Letter: Setting the record straight
Responding to Scott Writer’s guest column (“When you’re in a hole, stop digging,” May 22, The Aspen Times), first, I for one never claimed that Castle and Maroon creeks would be “destroyed.” Changed, yes, but nature abhors a vacuum. There will still be plants on the stream edge, and fish, but it won’t be what stream ecologists call a healthy riparian gravel-bed stream system.
In 30 years, you probably would see some major changes, but the streams would still be there, along with dry-land plants, a lot fewer birds and less wildlife. It’s like the current beautiful and bucolic landscape of the Colorado River Valley above Kremmling, collapsing stream ecosystem and all. People have forgotten, or never knew, what it used to be like.
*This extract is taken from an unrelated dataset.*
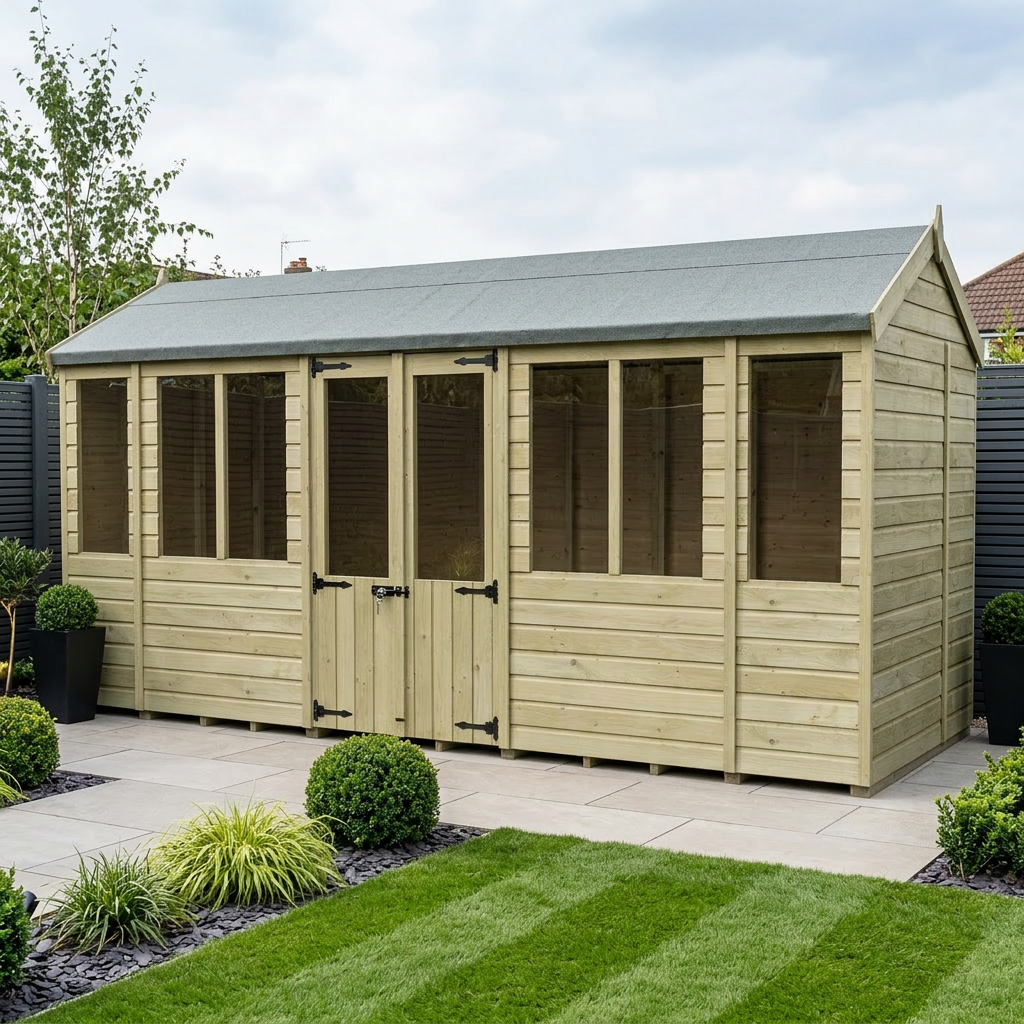 16 x 8 Apex Summer House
Second, you need to read more carefully. I never said, nor would I ever say, that an “ascribed beneficial use of water rights can never change.” They change all the time, sometimes involuntarily. What I said was that it can be a lengthy and expensive process, involving lawyers, engineers and the water court. The one thing you can’t change is an existing, senior nonconsumptive use to a senior consumptive use. If Aspen wants to convey or change the hydro right, it will have to be for another nonconsumptive use, like an instream-flow right. The city can’t just make it into a “consumptive” right. No water, or very little, was consumed in the exercise of that right so long ago.
Consumptive rights are by far the most valuable. A consumptive right, however, can be changed to a nonconsumptive-use right. The actual volume and seniority it retains is up to the use-change proceedings and the water court. This happens when a rancher donates a consumptive agricultural water right from growing hay to a nonconsumptive instream-flow right. You just can’t go the other way. If Aspen has valuable water rights, they lie mainly in the city’s consumptive rights.
The city has never responded to my repeated question about how it will ensure the minimum streamflow recommended by Bill Miller. The city can’t legally ensure anything above the current decreed 12 cubis feet per second without conveying the additional water to the Colorado Water Conservation Board. If it doesn’t, and just leaves the water in the stream undiverted, it could lose it.
Every 10 years, the state engineer compiles a list of water rights that haven’t been used and appear to be abandoned. This list is passed on to the water court, where it is published. If a particular volume of water hasn’t been used for the “ascribed beneficial use,” the court may rule it abandoned and return the water to the stream so someone else can file for a new right on it. But it’s more than just non-use. There also has to be intent to abandon. That can be shown in a variety of ways, but again, its up to the water court to determine the validity of the claims.